可以constexpr函数返回类型是一个非const?
我已经读过 constexpr 函数返回类型可以是一个非常量,在我的书中也有这样的代码:
I have read that constexpr function return type can be a non const and also in my book there is a code like this:
constexpr bool isShorter(const string& str1, const string& str2)
{
return str1.size() < str2.size();
}
但是在 str1.size )表示: constexpr 函数返回是非常量。
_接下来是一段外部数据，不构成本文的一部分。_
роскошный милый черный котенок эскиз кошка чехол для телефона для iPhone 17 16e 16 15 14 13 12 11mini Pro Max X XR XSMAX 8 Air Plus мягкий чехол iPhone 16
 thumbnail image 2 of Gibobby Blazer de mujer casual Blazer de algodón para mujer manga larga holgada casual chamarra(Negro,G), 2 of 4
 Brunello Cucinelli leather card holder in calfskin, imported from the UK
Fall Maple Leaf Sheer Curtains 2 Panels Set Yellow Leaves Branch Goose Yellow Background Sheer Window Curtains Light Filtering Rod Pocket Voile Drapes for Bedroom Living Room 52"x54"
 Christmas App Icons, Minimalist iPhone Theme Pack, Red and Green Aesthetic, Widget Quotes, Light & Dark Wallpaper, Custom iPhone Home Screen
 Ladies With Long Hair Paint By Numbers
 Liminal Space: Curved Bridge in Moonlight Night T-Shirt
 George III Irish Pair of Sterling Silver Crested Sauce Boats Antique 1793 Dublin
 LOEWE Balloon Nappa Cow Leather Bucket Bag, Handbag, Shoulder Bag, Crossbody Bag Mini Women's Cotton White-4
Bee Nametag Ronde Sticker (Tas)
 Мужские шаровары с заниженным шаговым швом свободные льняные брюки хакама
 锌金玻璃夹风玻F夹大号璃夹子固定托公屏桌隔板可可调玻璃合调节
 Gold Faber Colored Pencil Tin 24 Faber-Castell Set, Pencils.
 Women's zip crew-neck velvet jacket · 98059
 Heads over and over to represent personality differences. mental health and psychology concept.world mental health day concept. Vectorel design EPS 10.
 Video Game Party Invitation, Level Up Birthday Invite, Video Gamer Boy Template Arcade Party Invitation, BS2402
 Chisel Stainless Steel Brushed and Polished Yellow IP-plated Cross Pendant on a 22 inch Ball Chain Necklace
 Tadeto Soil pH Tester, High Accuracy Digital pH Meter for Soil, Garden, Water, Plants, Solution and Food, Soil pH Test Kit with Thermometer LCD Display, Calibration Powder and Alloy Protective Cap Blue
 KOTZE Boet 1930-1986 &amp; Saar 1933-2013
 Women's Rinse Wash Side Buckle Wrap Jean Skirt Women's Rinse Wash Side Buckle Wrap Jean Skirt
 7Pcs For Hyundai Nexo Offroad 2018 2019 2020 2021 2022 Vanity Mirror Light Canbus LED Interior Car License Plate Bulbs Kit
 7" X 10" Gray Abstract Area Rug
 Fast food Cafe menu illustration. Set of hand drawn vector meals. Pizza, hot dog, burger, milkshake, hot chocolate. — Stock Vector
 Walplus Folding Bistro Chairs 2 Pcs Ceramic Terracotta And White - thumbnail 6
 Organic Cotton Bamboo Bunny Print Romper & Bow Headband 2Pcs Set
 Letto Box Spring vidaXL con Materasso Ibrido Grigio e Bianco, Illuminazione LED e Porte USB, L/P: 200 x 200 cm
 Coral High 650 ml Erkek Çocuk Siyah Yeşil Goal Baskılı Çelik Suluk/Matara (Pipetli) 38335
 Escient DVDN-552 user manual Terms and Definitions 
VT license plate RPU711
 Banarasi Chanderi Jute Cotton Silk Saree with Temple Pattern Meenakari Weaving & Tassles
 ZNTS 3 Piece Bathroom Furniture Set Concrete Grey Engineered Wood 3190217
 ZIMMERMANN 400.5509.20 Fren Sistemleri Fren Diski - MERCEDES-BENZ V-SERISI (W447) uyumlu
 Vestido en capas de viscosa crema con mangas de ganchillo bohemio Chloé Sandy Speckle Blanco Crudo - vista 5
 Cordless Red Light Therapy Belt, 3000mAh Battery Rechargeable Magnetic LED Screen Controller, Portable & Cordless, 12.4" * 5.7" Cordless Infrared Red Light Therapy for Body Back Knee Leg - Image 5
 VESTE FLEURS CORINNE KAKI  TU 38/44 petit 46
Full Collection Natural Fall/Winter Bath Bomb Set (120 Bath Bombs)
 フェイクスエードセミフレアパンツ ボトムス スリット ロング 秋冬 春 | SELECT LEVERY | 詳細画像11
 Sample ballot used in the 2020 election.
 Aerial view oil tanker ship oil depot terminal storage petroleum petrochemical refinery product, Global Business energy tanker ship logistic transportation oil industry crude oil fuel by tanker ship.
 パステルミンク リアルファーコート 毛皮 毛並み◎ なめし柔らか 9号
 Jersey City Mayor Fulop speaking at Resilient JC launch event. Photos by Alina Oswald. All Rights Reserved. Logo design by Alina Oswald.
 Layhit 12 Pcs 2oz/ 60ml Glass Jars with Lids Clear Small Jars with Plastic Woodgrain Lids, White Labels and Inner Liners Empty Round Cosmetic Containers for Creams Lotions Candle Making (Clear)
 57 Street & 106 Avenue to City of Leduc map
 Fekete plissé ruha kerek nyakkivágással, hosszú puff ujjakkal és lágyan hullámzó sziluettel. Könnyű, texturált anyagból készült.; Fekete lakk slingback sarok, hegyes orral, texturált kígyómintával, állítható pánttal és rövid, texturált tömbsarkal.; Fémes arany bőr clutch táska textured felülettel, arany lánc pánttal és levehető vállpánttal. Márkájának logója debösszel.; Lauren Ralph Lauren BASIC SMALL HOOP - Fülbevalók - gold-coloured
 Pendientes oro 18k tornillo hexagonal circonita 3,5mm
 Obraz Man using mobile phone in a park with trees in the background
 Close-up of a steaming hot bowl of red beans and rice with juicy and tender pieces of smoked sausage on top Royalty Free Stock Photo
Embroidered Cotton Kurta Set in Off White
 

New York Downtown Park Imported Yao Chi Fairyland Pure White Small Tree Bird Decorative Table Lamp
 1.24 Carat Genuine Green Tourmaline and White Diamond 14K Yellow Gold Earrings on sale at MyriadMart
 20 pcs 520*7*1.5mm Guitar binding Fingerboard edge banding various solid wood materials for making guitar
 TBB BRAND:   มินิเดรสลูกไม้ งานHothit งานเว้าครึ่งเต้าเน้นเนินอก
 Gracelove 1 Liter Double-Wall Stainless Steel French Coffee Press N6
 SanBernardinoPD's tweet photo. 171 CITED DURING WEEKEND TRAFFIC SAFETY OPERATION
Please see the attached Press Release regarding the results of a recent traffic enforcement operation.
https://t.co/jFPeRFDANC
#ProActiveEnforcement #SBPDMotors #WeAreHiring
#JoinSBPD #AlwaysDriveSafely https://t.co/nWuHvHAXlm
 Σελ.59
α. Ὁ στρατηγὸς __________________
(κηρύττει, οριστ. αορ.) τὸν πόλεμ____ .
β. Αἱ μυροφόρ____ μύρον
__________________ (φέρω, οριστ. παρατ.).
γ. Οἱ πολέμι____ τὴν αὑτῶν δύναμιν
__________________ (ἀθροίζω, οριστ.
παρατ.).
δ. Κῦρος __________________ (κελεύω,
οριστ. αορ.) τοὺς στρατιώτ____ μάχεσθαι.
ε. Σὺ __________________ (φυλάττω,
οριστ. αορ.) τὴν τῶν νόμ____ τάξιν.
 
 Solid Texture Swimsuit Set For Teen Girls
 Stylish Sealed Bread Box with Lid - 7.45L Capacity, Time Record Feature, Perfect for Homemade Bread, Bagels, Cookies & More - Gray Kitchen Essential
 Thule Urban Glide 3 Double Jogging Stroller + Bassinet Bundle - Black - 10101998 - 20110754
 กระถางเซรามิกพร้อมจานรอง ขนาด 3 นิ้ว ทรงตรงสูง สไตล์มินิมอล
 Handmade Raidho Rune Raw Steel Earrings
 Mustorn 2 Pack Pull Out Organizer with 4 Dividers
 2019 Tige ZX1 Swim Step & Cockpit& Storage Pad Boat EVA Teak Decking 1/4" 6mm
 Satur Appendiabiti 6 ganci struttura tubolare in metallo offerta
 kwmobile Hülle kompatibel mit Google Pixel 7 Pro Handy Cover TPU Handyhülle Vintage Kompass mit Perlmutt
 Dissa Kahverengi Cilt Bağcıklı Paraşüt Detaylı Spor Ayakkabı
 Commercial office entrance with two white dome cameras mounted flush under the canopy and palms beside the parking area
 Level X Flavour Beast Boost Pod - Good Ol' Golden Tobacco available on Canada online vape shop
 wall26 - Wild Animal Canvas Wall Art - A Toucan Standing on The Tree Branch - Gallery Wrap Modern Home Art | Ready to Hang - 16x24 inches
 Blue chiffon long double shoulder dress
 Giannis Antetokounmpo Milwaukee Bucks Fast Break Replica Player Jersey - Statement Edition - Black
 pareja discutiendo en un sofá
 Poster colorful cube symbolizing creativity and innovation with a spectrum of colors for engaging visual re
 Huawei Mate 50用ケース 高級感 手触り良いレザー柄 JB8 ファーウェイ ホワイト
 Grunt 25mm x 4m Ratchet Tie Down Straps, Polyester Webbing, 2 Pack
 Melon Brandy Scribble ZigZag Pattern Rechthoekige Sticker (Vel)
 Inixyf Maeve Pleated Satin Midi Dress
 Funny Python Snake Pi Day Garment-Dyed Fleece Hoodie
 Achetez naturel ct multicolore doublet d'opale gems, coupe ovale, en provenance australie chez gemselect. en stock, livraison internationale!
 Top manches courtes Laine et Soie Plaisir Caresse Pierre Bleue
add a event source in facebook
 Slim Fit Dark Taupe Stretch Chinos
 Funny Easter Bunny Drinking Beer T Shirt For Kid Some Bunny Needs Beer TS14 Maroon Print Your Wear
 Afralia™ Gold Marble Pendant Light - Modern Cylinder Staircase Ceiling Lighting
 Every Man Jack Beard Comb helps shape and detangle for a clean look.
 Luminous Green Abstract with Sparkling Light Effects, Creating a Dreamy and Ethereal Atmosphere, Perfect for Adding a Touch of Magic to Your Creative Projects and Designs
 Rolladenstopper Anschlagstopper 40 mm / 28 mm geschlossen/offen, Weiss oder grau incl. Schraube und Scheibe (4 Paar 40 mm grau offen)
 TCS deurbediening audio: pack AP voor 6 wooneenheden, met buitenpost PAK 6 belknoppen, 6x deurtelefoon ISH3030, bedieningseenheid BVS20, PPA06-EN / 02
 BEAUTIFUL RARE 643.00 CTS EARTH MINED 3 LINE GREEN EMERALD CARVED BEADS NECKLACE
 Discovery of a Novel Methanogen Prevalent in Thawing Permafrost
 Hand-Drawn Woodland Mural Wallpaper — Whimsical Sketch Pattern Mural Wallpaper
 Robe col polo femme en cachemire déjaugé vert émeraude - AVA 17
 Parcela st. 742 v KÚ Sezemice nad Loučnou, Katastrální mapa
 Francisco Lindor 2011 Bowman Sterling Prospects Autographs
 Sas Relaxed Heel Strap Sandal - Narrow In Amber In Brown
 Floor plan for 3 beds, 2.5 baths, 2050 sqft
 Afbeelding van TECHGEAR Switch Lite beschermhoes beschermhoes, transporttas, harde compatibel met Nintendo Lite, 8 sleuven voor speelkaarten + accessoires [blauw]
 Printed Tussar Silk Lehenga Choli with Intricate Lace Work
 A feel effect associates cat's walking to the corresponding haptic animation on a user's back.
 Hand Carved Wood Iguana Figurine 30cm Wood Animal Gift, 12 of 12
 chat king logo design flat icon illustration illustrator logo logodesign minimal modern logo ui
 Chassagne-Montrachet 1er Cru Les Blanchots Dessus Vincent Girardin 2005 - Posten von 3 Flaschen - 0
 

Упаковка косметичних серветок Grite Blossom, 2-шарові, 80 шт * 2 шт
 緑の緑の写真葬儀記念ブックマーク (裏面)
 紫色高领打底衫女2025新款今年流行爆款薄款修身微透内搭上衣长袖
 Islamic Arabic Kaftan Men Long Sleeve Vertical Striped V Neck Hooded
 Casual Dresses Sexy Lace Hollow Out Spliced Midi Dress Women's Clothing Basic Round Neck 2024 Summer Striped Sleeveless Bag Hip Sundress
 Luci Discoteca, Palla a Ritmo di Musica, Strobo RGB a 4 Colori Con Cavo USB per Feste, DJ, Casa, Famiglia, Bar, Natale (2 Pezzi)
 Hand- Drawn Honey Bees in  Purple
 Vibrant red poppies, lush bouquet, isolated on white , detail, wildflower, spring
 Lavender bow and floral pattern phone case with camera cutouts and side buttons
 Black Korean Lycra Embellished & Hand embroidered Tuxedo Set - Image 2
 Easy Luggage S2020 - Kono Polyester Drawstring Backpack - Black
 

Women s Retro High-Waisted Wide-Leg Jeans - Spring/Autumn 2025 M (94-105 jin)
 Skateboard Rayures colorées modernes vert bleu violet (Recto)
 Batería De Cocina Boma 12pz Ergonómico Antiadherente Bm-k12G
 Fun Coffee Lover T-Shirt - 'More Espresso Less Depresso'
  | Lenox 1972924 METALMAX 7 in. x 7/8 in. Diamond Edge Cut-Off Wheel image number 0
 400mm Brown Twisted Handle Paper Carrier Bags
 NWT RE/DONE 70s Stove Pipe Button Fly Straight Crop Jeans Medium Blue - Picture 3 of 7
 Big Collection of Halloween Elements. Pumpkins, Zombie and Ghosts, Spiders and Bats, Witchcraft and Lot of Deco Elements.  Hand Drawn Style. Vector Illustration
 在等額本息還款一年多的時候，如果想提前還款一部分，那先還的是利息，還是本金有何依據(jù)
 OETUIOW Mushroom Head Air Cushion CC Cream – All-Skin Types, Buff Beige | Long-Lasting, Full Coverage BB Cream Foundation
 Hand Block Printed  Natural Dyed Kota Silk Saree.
根据书,它必须是正确的,但编译器不同意。
but there is an error under str1.size() that says: constexprfunction return is non-const. According to the book it must be right but the compiler disagree.
每次在不同的代码中使用 constexpr 总是存在此错误:缺少类型说明符 - int。注意:C ++不支持default-int 。但是我不知道这是什么意思。
Also every time I use constexpr in different codes there is always this error: missing type specifier - int assumed. Note: C++ does not support default-int. But I don't know what it means.
不,返回值必须是至少一个的可能输入。
No, the return value must be a constant expression for at least one set of possible inputs.
N3797§7.1.5[dcl.constexpr] / 5说:
N3797 §7.1.5 [dcl.constexpr]/5 says:
对于非模板,非默认的constexpr函数或
非模板,非默认,非继承的constexpr构造函数,如果
没有参数值,则调用函数或
构造函数可以是核心常量
表达式(5.19)的求值子表达式,程序是不成形的;无需诊断。
For a non-template, non-defaulted constexpr function or a non-template, non-defaulted, non-inheriting constexpr constructor, if no argument values exist such that an invocation of the function or constructor could be an evaluated subexpression of a core constant expression (5.19), the program is ill-formed; no diagnostic required.
由于 std :: string :: size constexpr ,不存在返回值是常量表达式的可能情况。
Since std::string::size is not constexpr, there is no possible case where the return value is a constant expression.